_Task details_:
The reply should contain all the data below, repeated exactly, and none of the images.
───── Input data
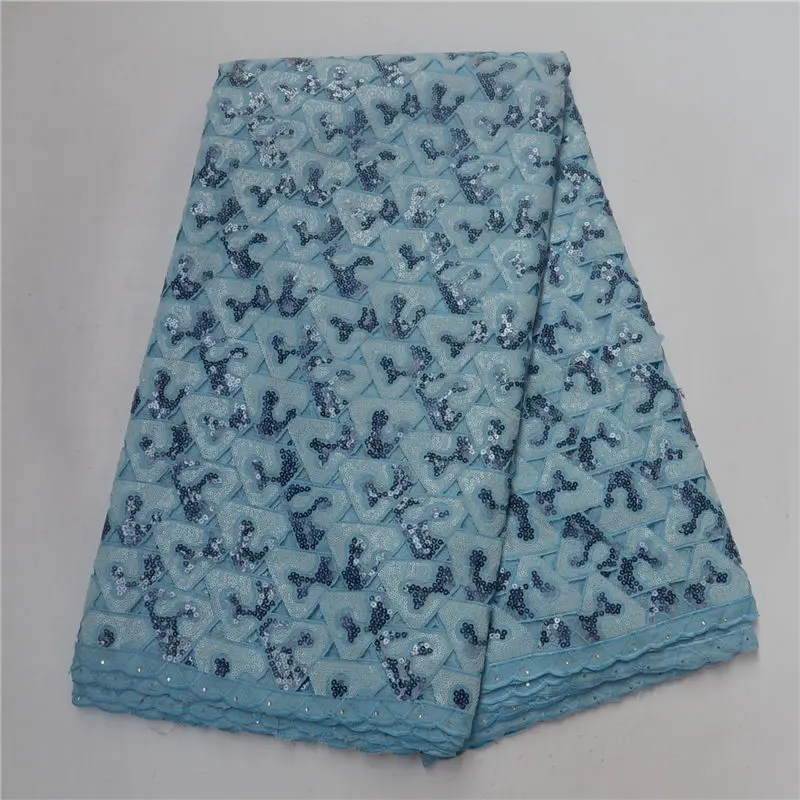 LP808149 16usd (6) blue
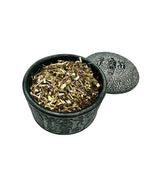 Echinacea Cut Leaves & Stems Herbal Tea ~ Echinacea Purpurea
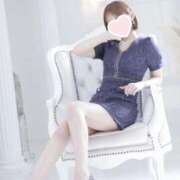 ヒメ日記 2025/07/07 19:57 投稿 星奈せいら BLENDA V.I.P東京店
──────────
_Answer box_:
 LP808149 16usd (6) blue
 Echinacea Cut Leaves & Stems Herbal Tea ~ Echinacea Purpurea
 ヒメ日記 2025/07/07 19:57 投稿 星奈せいら BLENDA V.I.P東京店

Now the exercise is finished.